**EXCERPTED RECORDS:**
■ ■ ■ ■ ■ ■ ■

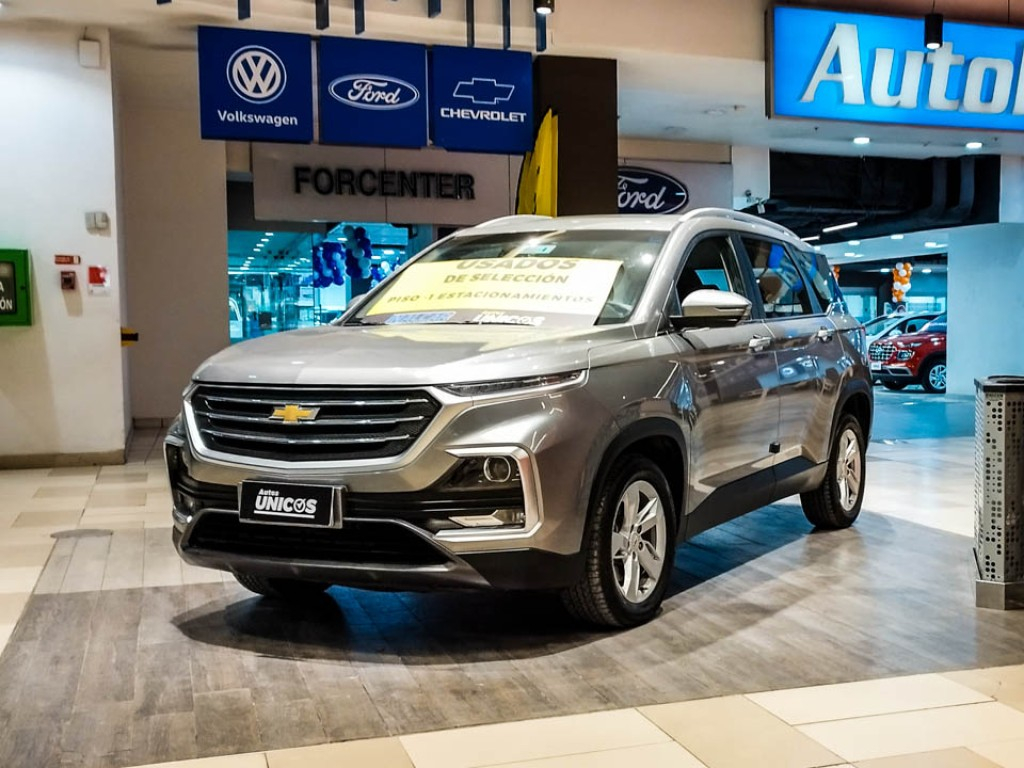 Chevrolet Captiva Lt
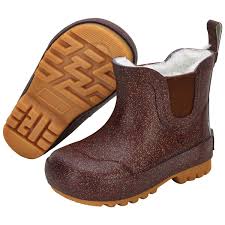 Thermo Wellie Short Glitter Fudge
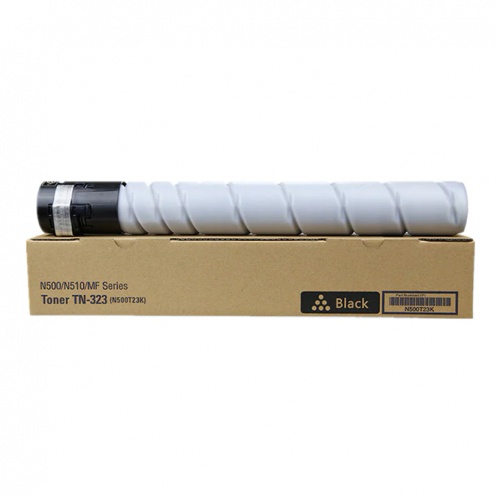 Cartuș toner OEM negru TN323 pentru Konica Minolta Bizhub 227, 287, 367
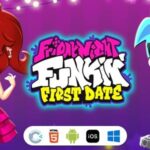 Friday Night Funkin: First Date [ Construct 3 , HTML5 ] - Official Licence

■ ■ ■ ■ ■ ■ ■

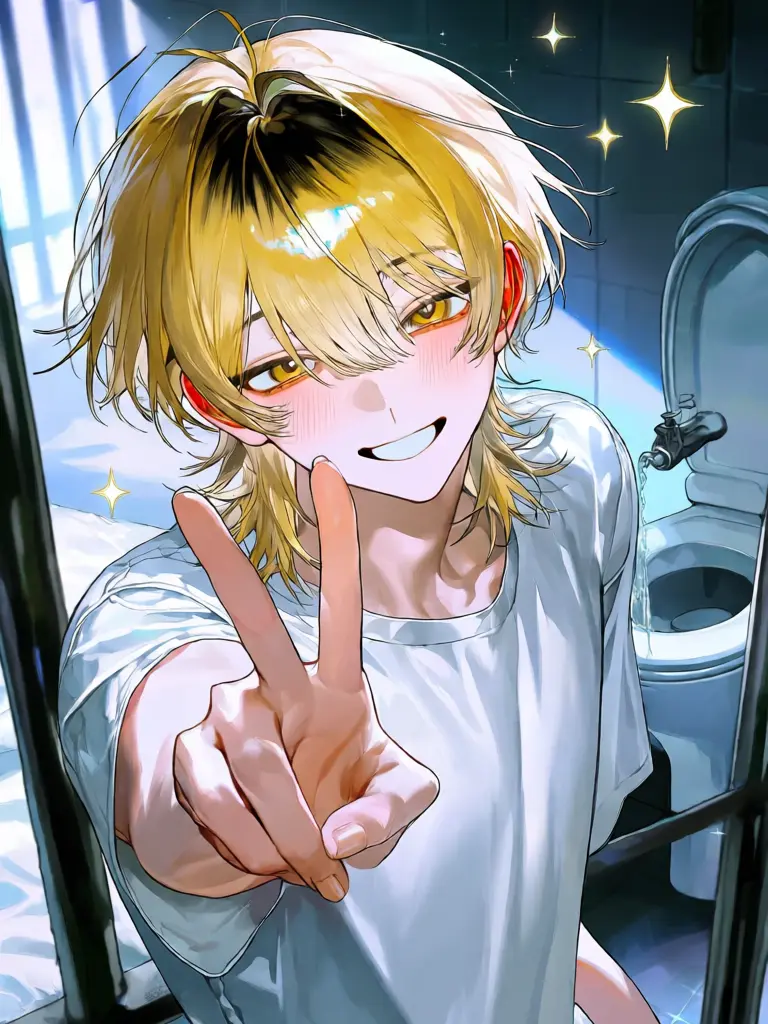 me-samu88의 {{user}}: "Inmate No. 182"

■ ■ ■ ■ ■ ■ ■

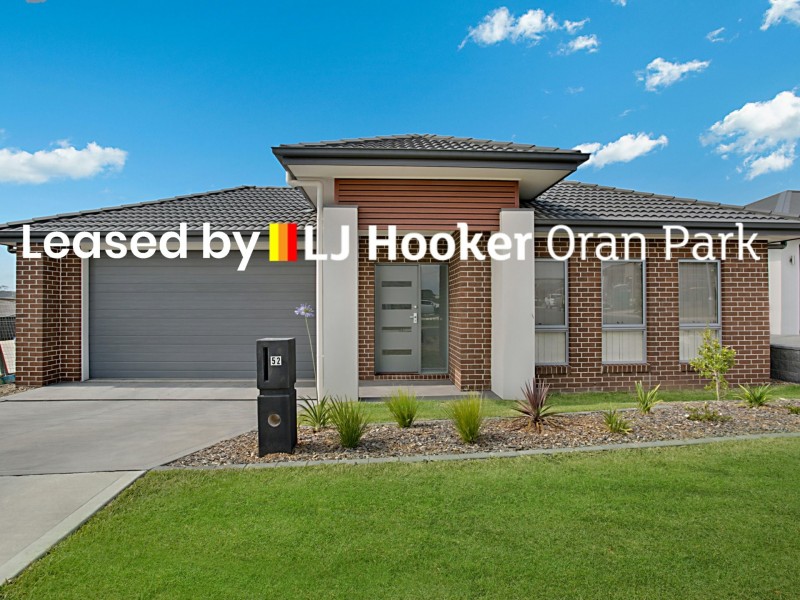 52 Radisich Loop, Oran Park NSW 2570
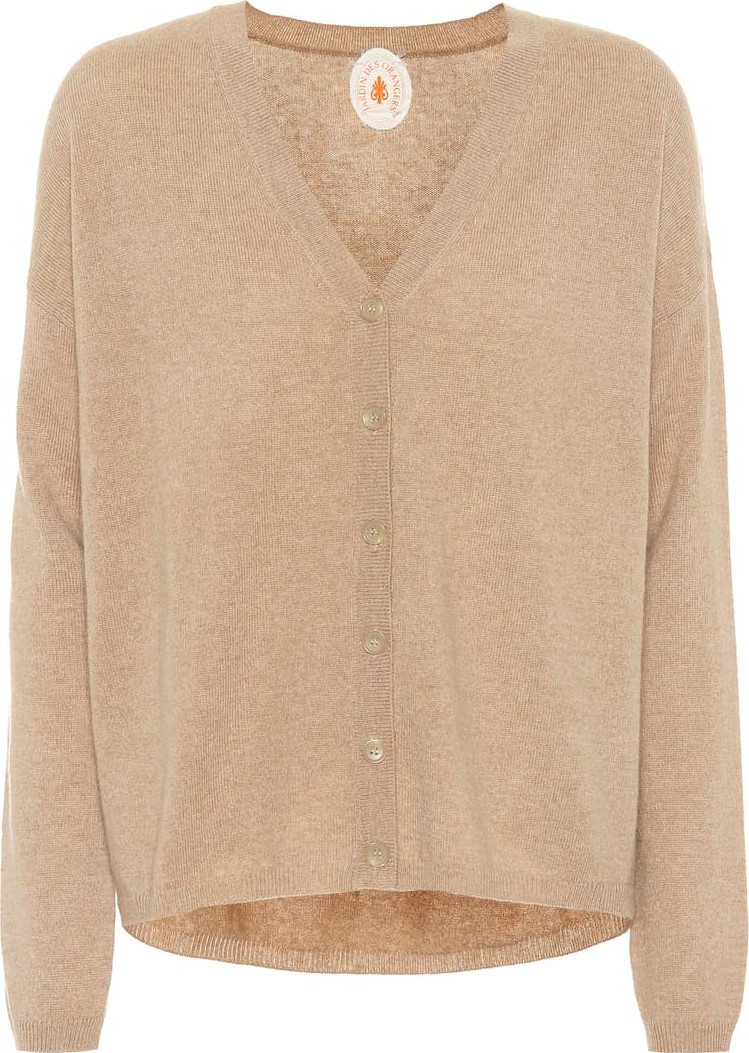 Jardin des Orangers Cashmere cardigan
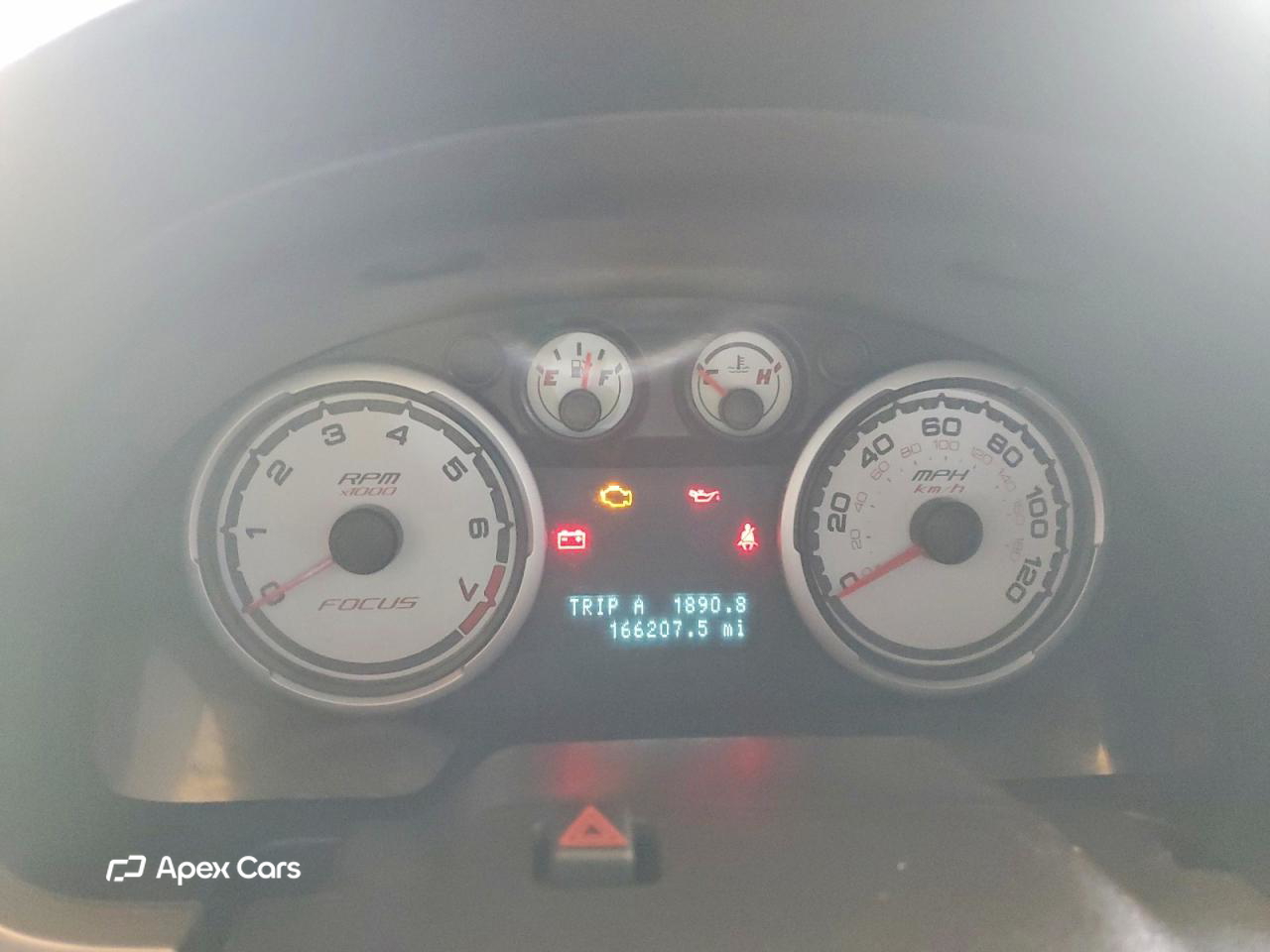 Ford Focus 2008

■ ■ ■ ■ ■ ■ ■

**WHAT YOU WILL DO:** Repeat exactly the lines above, from the line that contains "Thermo Wellie Short Glitter Fudge" down through the line that contains "Friday Night Funkin: First". Include both of those lines and none of the pictures.

**REPLY:**
 Thermo Wellie Short Glitter Fudge
 Cartuș toner OEM negru TN323 pentru Konica Minolta Bizhub 227, 287, 367
 Friday Night Funkin: First Date [ Construct 3 , HTML5 ] - Official Licence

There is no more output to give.